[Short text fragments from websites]
——————

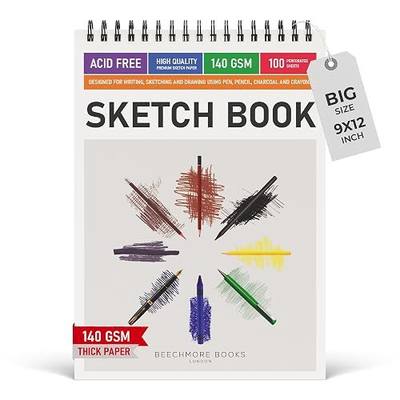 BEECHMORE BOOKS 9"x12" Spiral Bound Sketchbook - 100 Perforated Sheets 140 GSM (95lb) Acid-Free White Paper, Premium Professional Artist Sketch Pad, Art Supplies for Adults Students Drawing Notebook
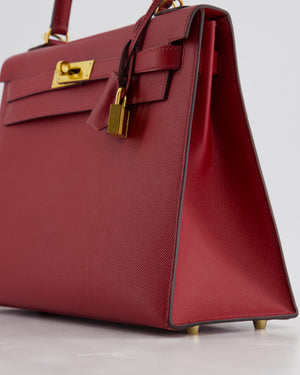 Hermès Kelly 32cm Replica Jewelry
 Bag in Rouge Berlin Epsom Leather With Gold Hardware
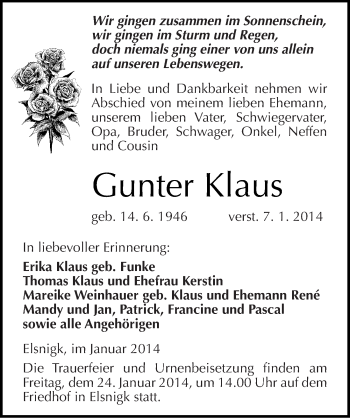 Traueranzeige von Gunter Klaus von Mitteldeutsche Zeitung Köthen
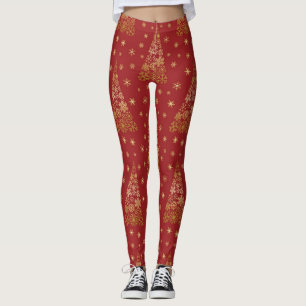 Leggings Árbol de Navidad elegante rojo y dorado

——————

The line with "Traueranzeige von Gunter" ends the range, and the first line of the data begins it; repeat exactly those lines and nothing more, omitting pictures.

§ Response to this task
 BEECHMORE BOOKS 9"x12" Spiral Bound Sketchbook - 100 Perforated Sheets 140 GSM (95lb) Acid-Free White Paper, Premium Professional Artist Sketch Pad, Art Supplies for Adults Students Drawing Notebook
 Hermès Kelly 32cm Replica Jewelry
 Bag in Rouge Berlin Epsom Leather With Gold Hardware
 Traueranzeige von Gunter Klaus von Mitteldeutsche Zeitung Köthen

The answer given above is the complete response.